The answer, somewhat to my surprise, is that he apparently can’t.

“I don’t take back anything that I’ve said,” Dawkins said from a shady spot in the leafy backyard of one of his Bay Area supporters. “I would not say it again, however, because I am now accustomed to being misunderstood and so I will … ”

 

He trailed off momentarily, gazing at his hands resting on a patio table.

 

“I feel muzzled, and a lot of other people do as well,” he continued. “There is a climate of bullying, a climate of intransigent thought police which is highly influential in the sense that it suppresses people like me.”

I’ve never personally faced a barrage of criticism like the ones Dawkins has been subjected to over his tweets. I’m sure it’s uncomfortable, even distressing, if one isn’t either inured to that sort of thing or just naturally thick-skinned and/or combative. The fact that much of the criticism is coming from atheistic humanists, Dawkins’ own tribe, must be an aggravating factor. Perhaps Dawkins is even wondering whether some “misunderstood” remark on his part might lead to the kind of shameful ostracism that James Watson was subjected to when he dared to suggest that intelligence might not be equally distributed across all human racial groups – surely a hypothesis to be tested, rather than a heresy to be quashed. Dawkins, to his immense credit, objected at the time to the way Watson was being treated.

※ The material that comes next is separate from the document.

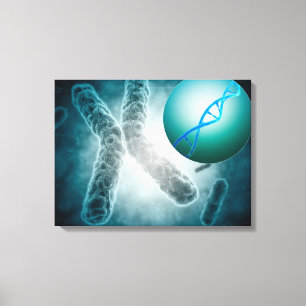 Conceptual Image Of A Telomere Showing DNA Canvas Print
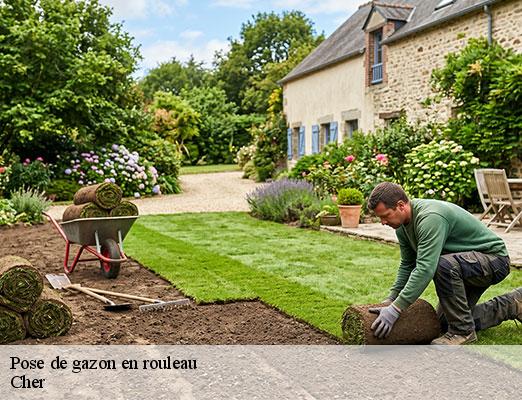 pose-de-gazon-en-rouleau-2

The bright side, however, is that the intransigent thought police actually have no badges. Watson hasn’t been thrown in jail, lynched, burned at the stake, or even reduced to penury (unless the definition of penury is having to sell one’s Nobel Prize in order to be able to afford paintings by some bloke called David Hockney). It’s ridiculous that so many influential people and organizations have been treating him as persona non grata, but ultimately the intransigent thought police – insufferable and irritating as they can be – haven’t been able to really hurt him. Equally, I doubt they could hurt Dawkins.

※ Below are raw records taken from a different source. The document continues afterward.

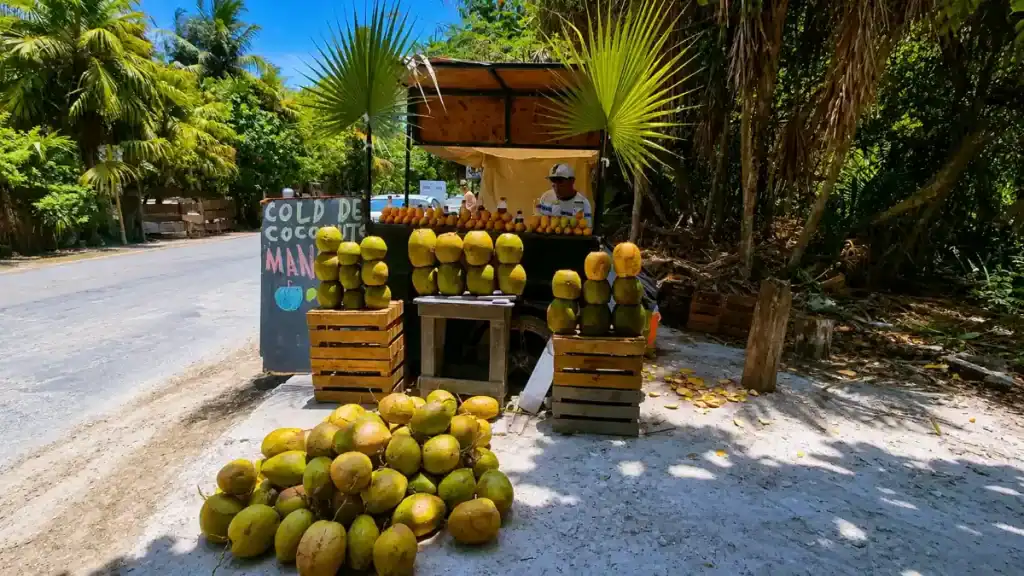 roadside coconut stand along a jungle road outside Tulum, the kind of local stop that makes is Tulum worth visiting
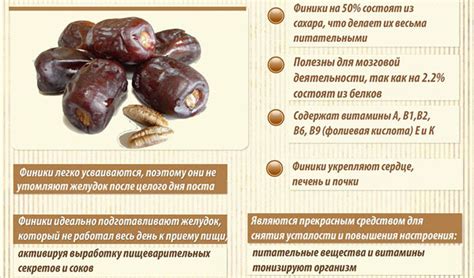 Антиоксидантные свойства фиников и их роль в защите желудочно-кишечного тракта от повреждений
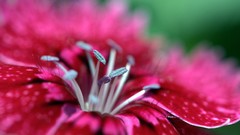 Flowers Plants red flowers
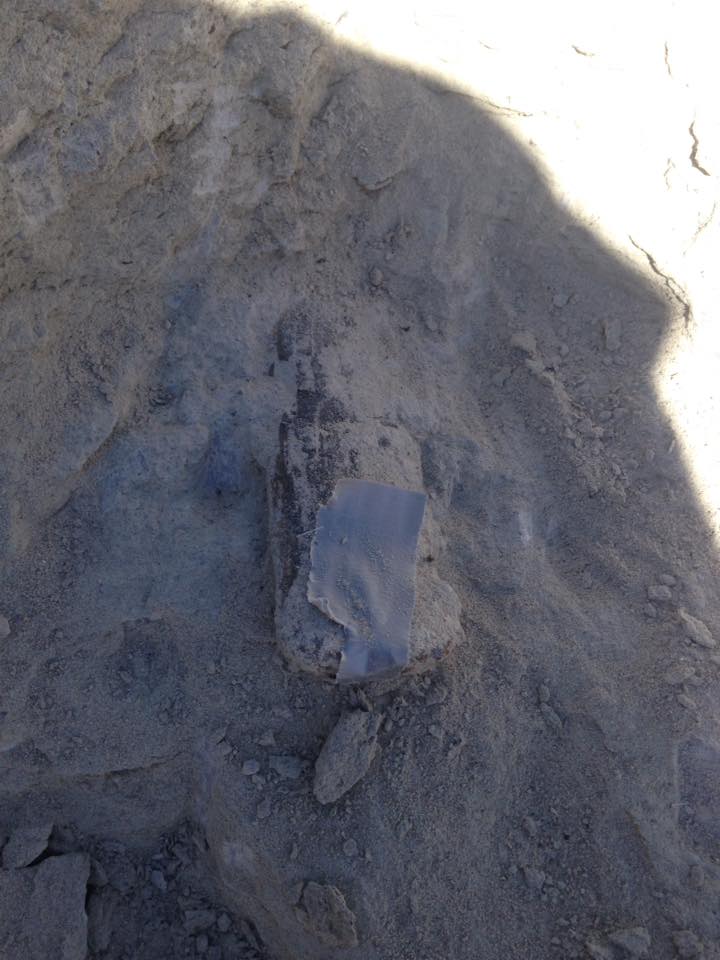 13178807_1246090358753045_3447990515025446210_n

Those of us that aren’t eminent semi-retired scientists may have slightly more to fear, but even so my feeling is that if Dawkins feels muzzled we all ought to show solidarity by being a little more vocal with our controversial thoughts than feels strictly comfortable – and surely the only people who don’t have a few controversial thoughts are inveterate conformists. Standing up to the intransigent thought police is an entirely worthwhile activity, given that we all benefit when ideas are judged and debated on their merits rather than on the basis of how many huffy Tweeters find them objectionable.

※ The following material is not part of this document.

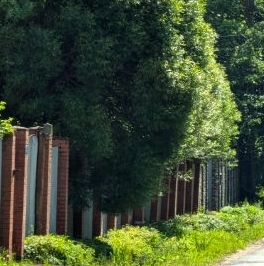 Продажа дома Красное Село, Дудергоф тер.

I’ll do my best to be a little more vocal on Canadian Atheist from now on, but for the moment I think I’ll just say that the contents of Dawkins’ Twitter feed sound pretty reasonable to me. Of course some kinds of rape and paedophilia, like some kinds of literally anything unpleasant, are mild compared to others. I wouldn’t be as categorical as Dawkins was about the moral desirability of aborting foetuses afflicted with Down’s syndrome, but I can certainly see his point. It’s difficult enough to build a fulfilling and meaningful life without being burdened with something as debilitating as an extra 21st chromosome, and there’s something inescapably callous and self-indulgent about knowingly thrusting an innocent foetus that does carry such a burden into the Sturm und Drang of life outside the womb. So there, thought police.